There are relatively simple scaling calculations that will determine the health of the industry. Intel knew that it could grow financially in the context of exponentially falling transistor costs by shipping exponentially more transistors every quarter -- that is the business model of Moore's Law. Customers and developers could plan product capabilities, just as Pixar did, knowing that Moore's Law was likely to hold for years to come. But that was in the context of an effective pricing monopoly. The question for synthetic gene companies is whether the market will grow fast enough to provide adequate revenues when prices fall due to competition. To keep revenues up, they will then have to ship lots of bases, probably orders of magnitudes more bases. If prices don't fall, then something screwy is happening. If prices do fall, they are likely to fall quickly as companies battle for market share. It seems like another inevitable race to the bottom. Probably good for the consumer; probably bad for the producer.
(Updated) Ultimately, for a new wave of DNA synthesis companies to be successful, they have to provide the customer something of value. I suspect there will be plenty of academic customers for cheaper genes. However, I am not so sure about commercial uptake. Here's why: DNA is always going to be a small cost of developing a product, and it isn't obvious making that small cost even cheaper helps your average corporate lab.

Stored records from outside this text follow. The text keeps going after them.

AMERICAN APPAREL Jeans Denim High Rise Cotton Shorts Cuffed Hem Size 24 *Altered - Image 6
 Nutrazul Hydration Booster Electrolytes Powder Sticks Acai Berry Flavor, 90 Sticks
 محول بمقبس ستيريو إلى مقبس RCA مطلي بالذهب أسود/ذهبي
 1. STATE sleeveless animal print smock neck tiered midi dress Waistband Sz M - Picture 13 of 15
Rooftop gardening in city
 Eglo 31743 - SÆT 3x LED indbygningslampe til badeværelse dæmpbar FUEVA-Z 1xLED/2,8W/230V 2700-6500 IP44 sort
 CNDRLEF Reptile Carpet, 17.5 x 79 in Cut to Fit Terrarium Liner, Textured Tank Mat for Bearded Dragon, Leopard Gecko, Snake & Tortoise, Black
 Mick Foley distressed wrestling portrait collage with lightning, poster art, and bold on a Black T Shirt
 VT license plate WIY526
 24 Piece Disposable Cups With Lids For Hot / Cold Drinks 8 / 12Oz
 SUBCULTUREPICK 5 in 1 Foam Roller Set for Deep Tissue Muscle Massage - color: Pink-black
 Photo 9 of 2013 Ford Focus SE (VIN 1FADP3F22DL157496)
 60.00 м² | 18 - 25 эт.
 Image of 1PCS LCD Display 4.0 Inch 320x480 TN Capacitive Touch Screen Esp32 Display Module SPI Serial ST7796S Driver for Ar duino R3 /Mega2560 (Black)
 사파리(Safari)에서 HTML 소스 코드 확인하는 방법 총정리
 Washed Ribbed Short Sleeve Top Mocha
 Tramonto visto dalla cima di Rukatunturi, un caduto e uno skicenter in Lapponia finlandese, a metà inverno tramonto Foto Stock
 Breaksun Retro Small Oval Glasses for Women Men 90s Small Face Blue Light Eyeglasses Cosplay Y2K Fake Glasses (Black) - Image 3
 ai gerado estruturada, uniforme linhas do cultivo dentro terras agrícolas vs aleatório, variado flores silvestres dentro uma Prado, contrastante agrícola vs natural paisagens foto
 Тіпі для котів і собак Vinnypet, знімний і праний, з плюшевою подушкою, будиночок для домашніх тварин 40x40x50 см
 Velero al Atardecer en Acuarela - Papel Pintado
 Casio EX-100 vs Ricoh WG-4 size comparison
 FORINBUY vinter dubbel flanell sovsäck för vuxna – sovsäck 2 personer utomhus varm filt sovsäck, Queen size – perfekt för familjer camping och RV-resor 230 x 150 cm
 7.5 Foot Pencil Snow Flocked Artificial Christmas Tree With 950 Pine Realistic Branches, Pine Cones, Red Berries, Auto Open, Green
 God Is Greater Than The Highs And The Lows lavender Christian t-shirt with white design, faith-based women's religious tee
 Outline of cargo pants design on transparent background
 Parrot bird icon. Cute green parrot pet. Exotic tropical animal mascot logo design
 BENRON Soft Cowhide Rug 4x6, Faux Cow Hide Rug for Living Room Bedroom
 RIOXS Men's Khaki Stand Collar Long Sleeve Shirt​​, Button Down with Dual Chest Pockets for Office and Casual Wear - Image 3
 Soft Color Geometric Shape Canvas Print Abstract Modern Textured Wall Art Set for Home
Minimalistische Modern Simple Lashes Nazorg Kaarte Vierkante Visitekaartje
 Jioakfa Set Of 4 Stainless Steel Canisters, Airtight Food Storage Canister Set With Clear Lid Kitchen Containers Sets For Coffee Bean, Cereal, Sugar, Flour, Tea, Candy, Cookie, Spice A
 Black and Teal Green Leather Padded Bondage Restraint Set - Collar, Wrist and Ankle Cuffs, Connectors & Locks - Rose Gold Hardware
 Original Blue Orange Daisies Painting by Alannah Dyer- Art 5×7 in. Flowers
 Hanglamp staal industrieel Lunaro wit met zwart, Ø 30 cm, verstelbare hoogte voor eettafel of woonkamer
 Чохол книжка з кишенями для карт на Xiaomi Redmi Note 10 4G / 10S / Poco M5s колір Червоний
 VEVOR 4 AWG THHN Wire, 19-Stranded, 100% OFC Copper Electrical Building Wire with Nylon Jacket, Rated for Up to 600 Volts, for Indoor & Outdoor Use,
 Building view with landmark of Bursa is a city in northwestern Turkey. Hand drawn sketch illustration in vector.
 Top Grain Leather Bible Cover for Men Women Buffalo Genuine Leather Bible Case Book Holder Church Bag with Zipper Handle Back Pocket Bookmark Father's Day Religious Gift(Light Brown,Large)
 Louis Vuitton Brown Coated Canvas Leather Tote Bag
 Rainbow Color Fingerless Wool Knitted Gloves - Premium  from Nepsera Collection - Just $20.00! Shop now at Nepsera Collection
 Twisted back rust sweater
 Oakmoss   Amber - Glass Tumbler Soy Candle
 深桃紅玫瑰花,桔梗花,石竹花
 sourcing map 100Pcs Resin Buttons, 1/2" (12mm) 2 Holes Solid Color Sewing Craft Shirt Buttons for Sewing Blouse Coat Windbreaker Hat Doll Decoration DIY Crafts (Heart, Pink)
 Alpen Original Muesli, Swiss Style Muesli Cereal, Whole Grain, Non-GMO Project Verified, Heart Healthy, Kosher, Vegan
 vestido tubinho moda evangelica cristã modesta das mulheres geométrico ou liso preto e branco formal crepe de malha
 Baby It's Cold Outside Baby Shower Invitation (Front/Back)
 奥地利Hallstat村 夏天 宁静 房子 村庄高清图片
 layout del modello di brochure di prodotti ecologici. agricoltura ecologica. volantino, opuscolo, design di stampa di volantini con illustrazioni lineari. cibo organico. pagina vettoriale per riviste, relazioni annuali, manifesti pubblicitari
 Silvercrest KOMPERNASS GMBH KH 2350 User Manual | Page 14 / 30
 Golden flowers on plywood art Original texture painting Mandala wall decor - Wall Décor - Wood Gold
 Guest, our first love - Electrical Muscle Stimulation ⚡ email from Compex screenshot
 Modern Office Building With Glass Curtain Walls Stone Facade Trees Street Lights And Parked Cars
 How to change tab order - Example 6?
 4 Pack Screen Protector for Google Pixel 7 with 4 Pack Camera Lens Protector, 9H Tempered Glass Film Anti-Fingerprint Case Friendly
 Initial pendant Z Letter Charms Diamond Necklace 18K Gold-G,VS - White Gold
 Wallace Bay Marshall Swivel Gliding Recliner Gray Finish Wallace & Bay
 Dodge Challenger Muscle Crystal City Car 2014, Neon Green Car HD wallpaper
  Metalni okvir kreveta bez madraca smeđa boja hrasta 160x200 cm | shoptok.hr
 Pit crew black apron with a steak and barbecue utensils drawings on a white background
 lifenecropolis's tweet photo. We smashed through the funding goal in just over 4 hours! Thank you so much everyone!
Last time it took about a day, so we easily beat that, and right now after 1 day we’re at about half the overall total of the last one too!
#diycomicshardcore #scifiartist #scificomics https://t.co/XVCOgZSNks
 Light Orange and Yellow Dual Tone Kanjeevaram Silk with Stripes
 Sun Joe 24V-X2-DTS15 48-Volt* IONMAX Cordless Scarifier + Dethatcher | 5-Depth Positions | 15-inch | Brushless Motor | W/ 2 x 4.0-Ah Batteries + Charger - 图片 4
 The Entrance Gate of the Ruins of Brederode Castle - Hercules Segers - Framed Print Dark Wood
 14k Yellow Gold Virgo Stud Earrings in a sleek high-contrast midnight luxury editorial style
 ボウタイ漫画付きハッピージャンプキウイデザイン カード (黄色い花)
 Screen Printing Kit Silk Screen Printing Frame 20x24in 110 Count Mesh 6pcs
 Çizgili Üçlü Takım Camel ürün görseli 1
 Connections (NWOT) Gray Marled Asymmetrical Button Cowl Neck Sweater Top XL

In general, the R part of R&D only accounts for 1-10% of the cost of the final product. The vast majority of development costs are in polishing up the product into something customers will actually buy. If those costs are in the neighborhood of $50-100 million, the reducing the cost of synthetic DNA from $50,000 to $500 is nice, but the corporate scientist-customer is more worried about knocking a factor of two, or an order of magnitude, off the $50 million. This means that in order to make a big impact (and presumably to increase demand adequately) radically cheaper DNA must be coupled to innovations that reduce the rest of the product development costs. As suggested above, forward design of complex circuits is not going to be adequate innovation any time soon. The way out here may be high-throughput screening operations that enable testing many variant pathways simultaneously. But note that this is not just another hypothesis about how the immediate future of engineering biology will change, but another unacknowledged hypothesis. It might turn out to be wrong.
The upshot, just as I wrote in 2003, is that the market dynamics of biological technologies will remain difficult to predict precisely because of the diversity of technology and the difficulty of the tasks at hand. We can plan on prices going down; how much, I wouldn't want to predict.